I would like to find the subset of X where only elements of the column X2 that match the values contained in Y7 i.e.
│ X1 │ X2 │ X3 │ X4 │ X5 │
-----------------------------------
│ 1 │ "a" │ "a" │ 1 │ "a" │
│ 2 │ "b" │ "b" │ 2 │ "b" │
│ 1 │ "a" │ "d" │ 4 │ "a" │
Also, I would like to apply a second filter on that subset, by filtering those elements of X1 that are equal to a certain value (value contained in Y2), in this case 1.
Are your X and YArrays or DataFrames? Your question isn’t clear to me.
This works:
using DataFrames
# create dummy data
x = DataFrame(:x1 => rand(1:10, 100), :x2 => rand(1:10, 100))
y = DataFrame(:y1 => rand(1:10, 100), :y2 => rand(1:10, 100))
# Select rows where the values in the x1 column of x are the same as the y1
# column of y, and the x2 value is 7 (arbitrary value for illustration)

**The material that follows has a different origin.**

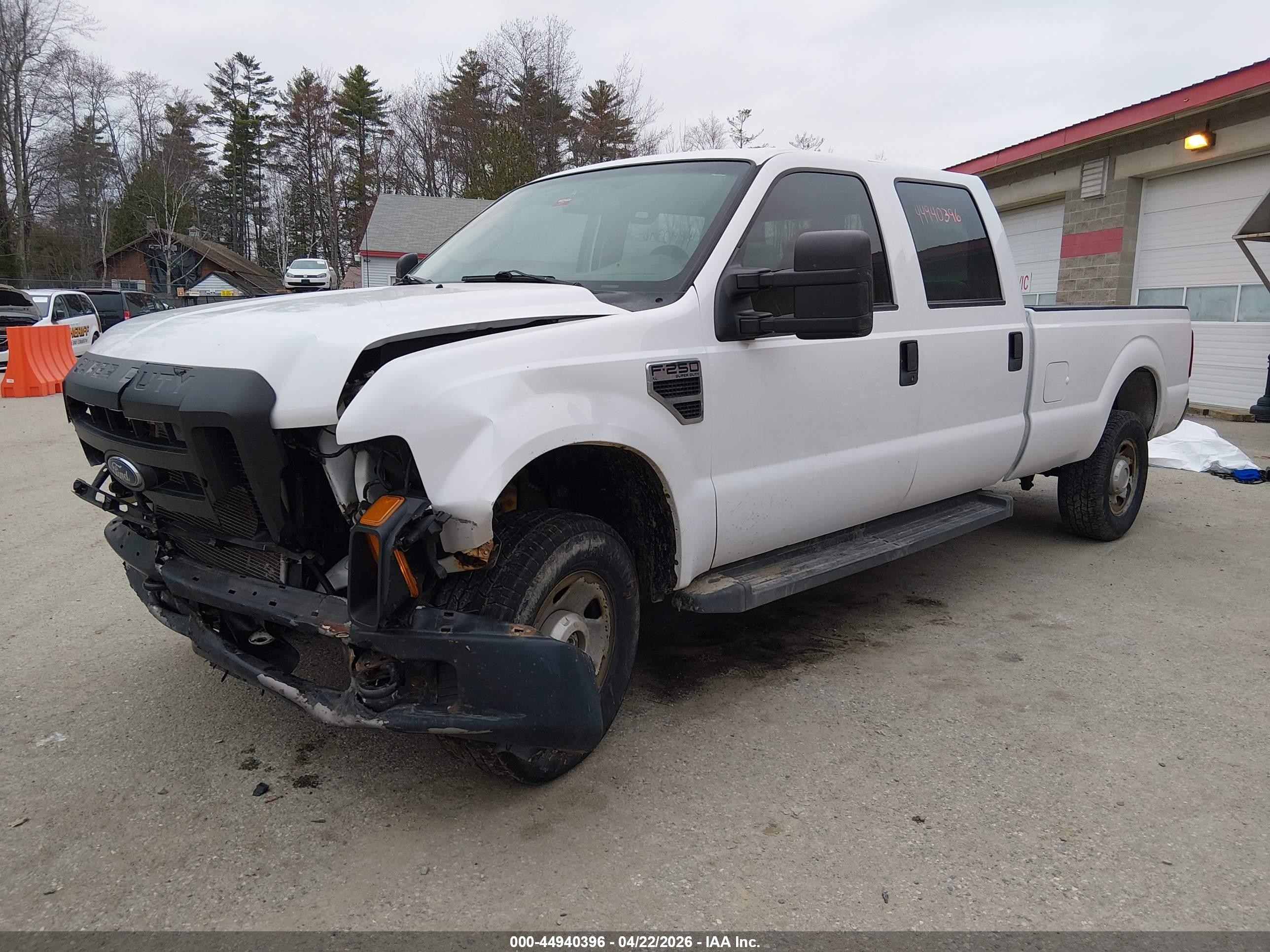 2008 Ford F-250 Xl White vin: 1FTSW21548EE08643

x[(x.x1 .== y.y1) .& (x.x2 .== 7), :]
This however implicitly assumes that it is meaningful to compare the values of a column in x to the values in the same row of a column in y. In that case it would probably be more natural to simply have x and y as a single DataFrame with all columns in x and y:
My suggestion still works in principle, however upon reading your edited post it appears that your initial criterion is not that the value of X.X2 should not be the same as the value in the same row in Y.Y7, but rather you want all rows for which the value in X.X2 is contained anywhere in Y.Y7, correct?